|I sense you feel strongly and will back away now.|
It’s a problem I’ve had with a lot of action heroines. Despite their toned bodies, pithy quips and attractive love interests, they leave me cold. Because they are not real women. Real women have mortgages and families and at the very least menstrual cycles. I want a little consistency, some weight, something that matters. Gwen Cooper started out with the rest of them for me. Just another action chick with a gun and a pair of tight pants.
And then a funny thing happened. Gwen grew up. Right before my eyes.*
(A tiny bit of background before I start: Torchwood is a spinoff of the highly popular BBC show Doctor Who. It stars Captain Jack Harkness, a time-traveler from Doctor Who who was given immortality by accident, and is now searching for the Doctor to find out why. He runs Torchwood, a group of alien-hunters working for the British government, scavenging the detritust that comes through a rift in time and space that runs through Cardiff, Wales. Gwen, a Welsh policewoman recruited into Torchwood, was added as the protagonist when producers realized that Jack might not be terribly relatable.)

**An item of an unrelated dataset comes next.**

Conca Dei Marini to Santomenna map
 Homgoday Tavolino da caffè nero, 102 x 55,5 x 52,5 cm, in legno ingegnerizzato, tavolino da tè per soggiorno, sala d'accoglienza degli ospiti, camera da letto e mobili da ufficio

Season One: Gwen was an annoying, self-righteous bitch who was more than a little hypocritical. While she was off criticizing everyone for their jaded reactions to (for them) typical work situations, like a young girl possessed by a sex alien or child-snatching faeries, she was cheating on her long-term boyfriend with a variety of people. Most notably, she cheated on Rhys, the fiance, with Owen, her sleazy date-raping co-worker, while knowing that another co-worker, Tosh, was in love with Owen. Yikes. And all of this is without even mentioning the weird relationship between Gwen and Jack, her immortal time-traveling boss. They shared secrets, talked about their lives, and were closer to each other than they are to their respective significant others. (Jack is in a casual relationship during the first season with Ianto, his secretary). All of that is normal for best friends, but perhaps not for coworkers who occasionally send searing looks at each other, and sit at each others bedsides. Needless to say, Gwen bothered me a little.
|You also seem to care deeply about this call.|
But she had fire. I liked that. Sure she was annoying as all get out, but she cared. I like that. I just wanted it without all off the baggage.
Season Two: Gwen got better. A little. She became cooler. She was still a self-righteous bitch sometimes, but really only when the situation called for it. When she discovered that her boss was keeping an entire subset of missing people on an island to keep them from upsetting their families, she was outraged. Upon discovering that he had very good reasons for this, she was still outraged. That was a little annoying. Like I said, she only got really angry about the things that mattered, but Gwen’s rage was still a little much. However, she was pretty awesome too. This was the season that Gwen finally told Rhys what she does for a living: hunt aliens. He’s shocked (but admits it does explain a lot about their relationship). Why it made me like her more is that suddenly, Gwen had to face up to her past decisions. She had a real relationship, one in which she shared fully.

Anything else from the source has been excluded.